In many parts of Canada housing has been white hot. The data is rather shocking from an investment standpoint. Let's take a look at some numbers.
Canadian house sale prices on average, rose by 8.2% year over year.
Two Story single family home prices alone rose by 21%
Townhouse/row unit prices rose by 17.9%
One-story single family homes rose by 16.6%
Apartment/condo units rose by (16.3%)
http://creastats.crea.ca/natl/index.html
Toronto and Vancouver remain Canada's lava-like hot spots for housing. If you bought a single family home five years ago in Toronto, chances are you are now sitting on a 70%+ gain. That's INSANE! Real estate doesn't produce those kinds of gains so quickly in a normal market. Usually, you could expect your property to gain 2-3% per year. Not 15-20%.

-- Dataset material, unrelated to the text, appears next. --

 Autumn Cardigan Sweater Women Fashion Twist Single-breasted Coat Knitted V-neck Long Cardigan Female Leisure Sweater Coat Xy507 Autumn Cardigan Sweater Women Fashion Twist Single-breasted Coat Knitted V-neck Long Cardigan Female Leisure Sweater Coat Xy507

What we are seeing in Toronto and Vancouver is a red-hot, white streak, run away housing market, which is creating a housing bubble. And it started with Canada's exemplary financial system. After the crash of 08, Canadians realized that our banking system had protections in place which prevented us from being shocked like the US by housing. One of those protections was our limited exposure to sub prime mortgage securities, and strict mortgage lending rules.
Well, those strict mortgage lending rules are no big deal for the wealthy folks migrating over from Asia, who have been snapping up real estate in Vancouver and Toronto for years, driving up prices in the process. So as far as people who were born and raised in Canada, the rules generally work, but that's also the problem. The same rules that work for Canadians to keep a lid on our housing market make no difference or impact on the ability of wealthy foreigners to drive up prices with foreign funds while us working stiffs are stuck renting (which is also becoming ridiculously over-priced), or living an hour (or more!) commute from work through mile after mile of snarling traffic.
On top of this, mortgage rates have stayed at near all time lows. Today, a $500k mortgage will set you back $2,000 per month if you opt for the monthly payment plan. If you make over $100k a year, it's doable. But if you are like the rest of us and make less than that, it's not feasible unless you rent out the basement and most rooms in the house.
If you own a home in Vancouver or Greater Toronto (or a second rental property), the advice I'm getting is that it's a fine time to sell and move someplace that isn't jam packed with people, smog, and a cost of living so high that you can be house poor even if you make 100k a year and live in a modest townhouse. In fact, the time may be quickly passing to jump ship out of the GTA and Greater Vancouver housing bubbles since both Ontario and BC have passed/are about to pass new laws which restrict the ability of foreign buyers to purchase property. This is going to put a hard lid on housing prices going forward.
Still, could prices climb higher? Yes, they most certainly could. At the height of Japan's housing bubble, it was said "the value of the Imperial Palace in Tokyo exceeded the value of all the real-estate in California". So yeah, prices could still go higher. The question is, do you have the guts to get out when things hit the roof? If you don't, you'll likely go bankrupt if you can't wait out the carnage.
So what am I doing? I have decided to sell. I have two properties. I will be selling one, and using the proceeds to pay off a second mortgage, effectively taking my exposure to a housing market shock to zero. Since I'll be living in the second property, it doesn't matter if the price crashes by 80% ... because I need to live somewhere and I'm young enough to be able to wait out a recovery.
Although I would strongly like to get into the market in Southwestern Ontario, I'm staying far away until I can actually afford the housing there (which might be never, and that's OK).